Try this to check if your machine is level, it might be the cause that coffee appears in one spout first... worth a looksy

http://coffeetime.wikidot.com/levelling-the-coffee-machine


----------



## Scotford (Apr 24, 2014)

poolfan said:


> However I've noticed that I must not be tamping evenly as can see flow starting earlier from one spout before flow from both


Check that your machine is level at the group head.

Then check you're distributing properly.

Then adjust tamping.


----------



## RazorliteX (Mar 2, 2014)

Not a bad start, however one of your variables needs to change to a constant.

As above, the best constant is to keep the dose level the same. If changing the grind setting reduces/increases the dose, manually adjust until you get the same dose bang on. For reference, the finer you grind, the smaller the dose so you need to increase the grind time to compensate or manually add some more.

Also, as above changing the grind level will require you to conduct a "flush grind" to remove a mix of the old grind particle size and the new particle size. I usually do a 1-2 second mini grind and dispose of the contents.


----------



## webdoc (Jan 22, 2019)

I was weighing but with varyng levels of beans to near zero in hopper.

Culprit.

keep at least 150g in at all times otherwise it will skew your extraction.
​


----------



## poolfan (May 9, 2014)

Thanks for the help so far on thread. It really is a learning curve, however understand everyone has to go through it and know that there are loads on the forum here that have done already and can help me get there quicker.

So I've now switched to a different bean after running out of bean #1, so Round 2 of dialling in.

This bean is a bit fluffier / more volume after grinding, so switched to a 16.0g target dose size as too much leaving t he basker, I don't use a funnel.

QUESTION Can you confirm I'm right that the important thing to keep dose consistent when using the same bean, however can change from bean to bean

So I've pulled a few shots, increasing the yield based on tasting (sour), as follows, later one less sour, however still not close to being balanced/tasty.

16.0g in, 46.3g out, (2.9 ratio) 45seconds

16.0g in, 55.7g out, (3.5 ratio) 50seconds

Based on the results above, as I'm already at a ratio of 1:3.5 qnd extended time of ~50seconds (includes 10s of pressure ramp), I conclude that rather than continue to increase yield at this grind setting, I just need to increase grind setting finer to increase extraction potential of bean, and restart the dialling in process on yield at new grind setting like before. Is this correct?


----------



## Rob1 (Apr 9, 2015)

poolfan said:


> Thanks for the help so far on thread. It really is a learning curve, however understand everyone has to go through it and know that there are loads on the forum here that have done already and can help me get there quicker.
> 
> So I've now switched to a different bean after running out of bean #1, so Round 2 of dialling in.
> 
> ...


1. Yes. Keep dose consistent when dialling in, your dose will change depending on density of the bean.

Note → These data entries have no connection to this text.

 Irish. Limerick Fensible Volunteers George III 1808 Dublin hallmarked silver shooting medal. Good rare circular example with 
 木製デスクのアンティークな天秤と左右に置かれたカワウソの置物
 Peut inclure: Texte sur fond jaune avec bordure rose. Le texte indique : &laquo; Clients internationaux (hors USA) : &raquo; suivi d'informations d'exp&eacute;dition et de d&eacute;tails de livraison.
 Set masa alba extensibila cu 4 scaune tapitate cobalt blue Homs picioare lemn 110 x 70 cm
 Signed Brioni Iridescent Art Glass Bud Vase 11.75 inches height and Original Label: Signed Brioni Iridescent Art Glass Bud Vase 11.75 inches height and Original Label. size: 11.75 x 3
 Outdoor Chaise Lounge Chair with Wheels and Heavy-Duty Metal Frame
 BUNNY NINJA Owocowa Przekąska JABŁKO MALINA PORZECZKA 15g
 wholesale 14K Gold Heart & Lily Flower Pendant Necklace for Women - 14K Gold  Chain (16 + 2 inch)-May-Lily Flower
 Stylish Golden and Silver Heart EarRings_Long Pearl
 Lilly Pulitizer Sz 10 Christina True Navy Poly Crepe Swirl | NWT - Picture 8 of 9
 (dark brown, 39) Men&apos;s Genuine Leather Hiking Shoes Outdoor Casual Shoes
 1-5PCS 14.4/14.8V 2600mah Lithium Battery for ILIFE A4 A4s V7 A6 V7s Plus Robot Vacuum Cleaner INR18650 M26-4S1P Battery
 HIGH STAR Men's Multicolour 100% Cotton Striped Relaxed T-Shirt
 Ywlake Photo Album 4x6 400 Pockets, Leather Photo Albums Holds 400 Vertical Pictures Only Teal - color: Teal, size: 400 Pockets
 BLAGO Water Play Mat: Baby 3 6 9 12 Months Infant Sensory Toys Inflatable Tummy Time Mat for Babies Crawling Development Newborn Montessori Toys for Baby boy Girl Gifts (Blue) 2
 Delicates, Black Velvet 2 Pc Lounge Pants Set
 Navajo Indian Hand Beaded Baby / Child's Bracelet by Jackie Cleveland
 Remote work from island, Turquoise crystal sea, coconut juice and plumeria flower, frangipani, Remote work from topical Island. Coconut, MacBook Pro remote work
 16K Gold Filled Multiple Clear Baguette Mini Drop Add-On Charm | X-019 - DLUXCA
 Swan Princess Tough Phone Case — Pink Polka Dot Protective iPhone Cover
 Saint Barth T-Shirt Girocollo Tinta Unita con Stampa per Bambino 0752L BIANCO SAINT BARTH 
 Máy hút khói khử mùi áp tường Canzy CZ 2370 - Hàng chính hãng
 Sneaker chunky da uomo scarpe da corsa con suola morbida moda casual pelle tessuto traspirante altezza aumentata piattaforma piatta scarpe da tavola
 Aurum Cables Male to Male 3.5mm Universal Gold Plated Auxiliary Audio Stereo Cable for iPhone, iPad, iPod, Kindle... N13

2 . No. You are likely grinding too fine and need to go coarser. This sounds contradictory when you consider the advice for under extraction and/or sourness is to grind finer but at some point you start going backwards. If you go coarser you'll have to change your dose again unless 16g still fits in the basket without taking an impression or being disturbed by the shower screen.

What beans are you using now?

Also keep that hopper topped up, the grind gets inconsistent with varying amounts in there. You'll find you have to grind finer when the hopper is on its last shot vs full.


----------



## poolfan (May 9, 2014)

Rob1 said:


> 2 . No. You are likely grinding too fine and need to go coarser. This sounds contradictory when you consider the advice for under extraction and/or sourness is to grind finer but at some point you start going backwards. If you go coarser you'll have to change your dose again unless 16g still fits in the basket without taking an impression or being disturbed by the shower screen.


tks, definitely wouldn't try that way unless advised.



Rob1 said:


> What beans are you using now?
> 
> Also keep that hopper topped up, the grind gets inconsistent with varying amounts in there. You'll find you have to grind finer when the hopper is on its last shot vs full.


I'm using Rave's Chatswood Blend now.

Am keeping plenty in the hopper now, I'm learning in small steps


----------



## poolfan (May 9, 2014)

So I adjusted the grind coarser, and hey presto, the shots got better, so you were bang on, tks!!

So to capture the lesson learnt, does this sound right - for a given initial grind setting when dialling in a new bean, if the usual recipe adjustments don't seem to be working (e.g. higher yield if sour) and shot time long (~50s) or brew ratio getting high (>3.5), then likely culprit is that a have started with too fine a grind, and try a coarser grind and restart dialling in again.


----------